Goal of the exercise:
Among the entries below, find the lines with the word "Vintage" and return them.

Task data:
§
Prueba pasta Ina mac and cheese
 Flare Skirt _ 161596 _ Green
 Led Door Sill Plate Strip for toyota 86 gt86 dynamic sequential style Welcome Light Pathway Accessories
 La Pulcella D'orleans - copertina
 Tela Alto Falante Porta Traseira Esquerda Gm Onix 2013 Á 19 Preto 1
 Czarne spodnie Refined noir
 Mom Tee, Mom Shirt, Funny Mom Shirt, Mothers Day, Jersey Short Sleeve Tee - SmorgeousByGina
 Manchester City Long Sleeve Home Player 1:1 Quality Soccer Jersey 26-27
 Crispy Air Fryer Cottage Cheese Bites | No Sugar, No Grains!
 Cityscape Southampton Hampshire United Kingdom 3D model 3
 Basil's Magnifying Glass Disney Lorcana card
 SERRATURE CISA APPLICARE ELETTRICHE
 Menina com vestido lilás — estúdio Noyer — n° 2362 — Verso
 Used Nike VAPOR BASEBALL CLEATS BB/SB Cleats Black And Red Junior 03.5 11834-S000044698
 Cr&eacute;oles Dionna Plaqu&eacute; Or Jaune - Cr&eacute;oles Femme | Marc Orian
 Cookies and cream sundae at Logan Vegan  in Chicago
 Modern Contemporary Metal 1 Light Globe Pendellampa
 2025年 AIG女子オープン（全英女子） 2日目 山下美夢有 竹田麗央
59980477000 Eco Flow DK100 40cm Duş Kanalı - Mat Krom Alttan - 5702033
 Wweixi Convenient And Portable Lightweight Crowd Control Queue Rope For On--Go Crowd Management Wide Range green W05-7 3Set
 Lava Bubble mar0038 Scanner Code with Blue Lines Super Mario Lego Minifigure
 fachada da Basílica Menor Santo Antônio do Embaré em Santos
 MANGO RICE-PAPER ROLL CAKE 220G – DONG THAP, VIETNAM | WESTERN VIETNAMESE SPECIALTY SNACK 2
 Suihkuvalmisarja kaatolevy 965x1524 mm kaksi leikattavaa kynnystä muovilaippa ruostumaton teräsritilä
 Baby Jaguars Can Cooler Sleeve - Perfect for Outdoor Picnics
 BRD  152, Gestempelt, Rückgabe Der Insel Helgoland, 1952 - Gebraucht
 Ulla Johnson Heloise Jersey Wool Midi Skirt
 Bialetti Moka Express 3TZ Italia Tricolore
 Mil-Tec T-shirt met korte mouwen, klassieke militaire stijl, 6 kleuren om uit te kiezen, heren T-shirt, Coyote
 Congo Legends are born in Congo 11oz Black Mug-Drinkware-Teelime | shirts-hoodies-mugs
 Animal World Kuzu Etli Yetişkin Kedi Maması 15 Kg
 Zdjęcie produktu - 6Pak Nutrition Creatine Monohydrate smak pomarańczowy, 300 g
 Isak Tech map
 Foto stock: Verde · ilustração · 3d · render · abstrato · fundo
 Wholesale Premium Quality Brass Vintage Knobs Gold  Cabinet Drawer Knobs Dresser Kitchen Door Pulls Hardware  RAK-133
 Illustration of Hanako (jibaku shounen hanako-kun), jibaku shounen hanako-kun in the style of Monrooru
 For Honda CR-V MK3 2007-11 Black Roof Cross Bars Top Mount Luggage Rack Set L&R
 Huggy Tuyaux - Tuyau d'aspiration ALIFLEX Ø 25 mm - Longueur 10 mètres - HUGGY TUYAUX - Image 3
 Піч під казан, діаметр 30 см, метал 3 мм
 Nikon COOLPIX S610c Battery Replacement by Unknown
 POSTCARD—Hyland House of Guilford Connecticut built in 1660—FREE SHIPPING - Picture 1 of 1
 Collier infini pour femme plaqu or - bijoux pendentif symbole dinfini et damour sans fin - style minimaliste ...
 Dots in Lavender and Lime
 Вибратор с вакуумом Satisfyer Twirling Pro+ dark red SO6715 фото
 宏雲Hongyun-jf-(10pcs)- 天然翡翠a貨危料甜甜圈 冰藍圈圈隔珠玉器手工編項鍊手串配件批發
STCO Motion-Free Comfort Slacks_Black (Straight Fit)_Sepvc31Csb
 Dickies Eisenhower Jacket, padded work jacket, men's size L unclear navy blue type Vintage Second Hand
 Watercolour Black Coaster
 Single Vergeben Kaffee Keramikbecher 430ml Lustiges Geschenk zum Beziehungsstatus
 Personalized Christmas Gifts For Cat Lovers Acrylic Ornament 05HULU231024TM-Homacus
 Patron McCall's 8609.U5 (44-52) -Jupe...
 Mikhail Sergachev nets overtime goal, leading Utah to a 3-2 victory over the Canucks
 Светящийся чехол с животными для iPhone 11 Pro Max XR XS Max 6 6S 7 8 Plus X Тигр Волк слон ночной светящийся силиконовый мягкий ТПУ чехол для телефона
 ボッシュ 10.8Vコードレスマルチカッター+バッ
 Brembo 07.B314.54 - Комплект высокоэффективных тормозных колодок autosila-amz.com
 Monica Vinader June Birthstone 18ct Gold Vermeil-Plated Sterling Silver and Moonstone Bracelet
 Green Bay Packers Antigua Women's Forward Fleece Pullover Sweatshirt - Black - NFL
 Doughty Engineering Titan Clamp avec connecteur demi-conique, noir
§
Exercise solution:
 Wholesale Premium Quality Brass Vintage Knobs Gold  Cabinet Drawer Knobs Dresser Kitchen Door Pulls Hardware  RAK-133
 Dickies Eisenhower Jacket, padded work jacket, men's size L unclear navy blue type Vintage Second Hand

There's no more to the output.